Ada satu hal menarik dari Nyepi: tidak hanya manusia yang beristirahat, tetapi seluruh lingkungan juga ikut beristirahat. Jalanan kosong, listrik padam, bahkan bandara internasional di Bali pun berhenti beroperasi selama 24 jam. Ini adalah contoh nyata bagaimana manusia bisa berkontribusi pada keseimbangan alam, memberikan ruang bagi bumi untuk "bernapas" sejenak. Sementara itu, Ramadan juga memiliki aspek sosial yang kuat: berbagi dengan sesama, membersihkan diri dari dosa, dan mempererat hubungan antar sesama manusia.

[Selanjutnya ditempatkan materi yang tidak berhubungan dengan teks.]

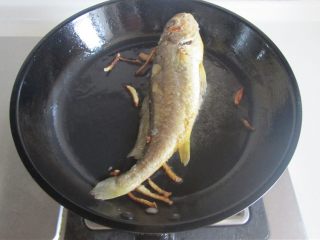 黄鱼焖豆腐,轻轻晃动下锅， 鱼能跟着动后再煎会儿翻个面将另一面也煎至金黄；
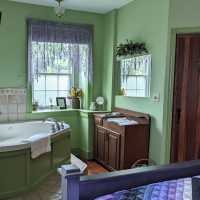 The Serenity Room has a large whirlpool tub and a private en suite bathroom with its own shower.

Menyepi dalam Kehidupan yang Berisik
Di era digital ini, keheningan semakin sulit ditemukan. Notifikasi media sosial, rapat daring, berita yang terus mengalir tanpa henti---semua membuat kita semakin jauh dari keheningan. Kita sibuk dengan informasi, tapi lupa memberi ruang bagi diri sendiri untuk berpikir dan merenung.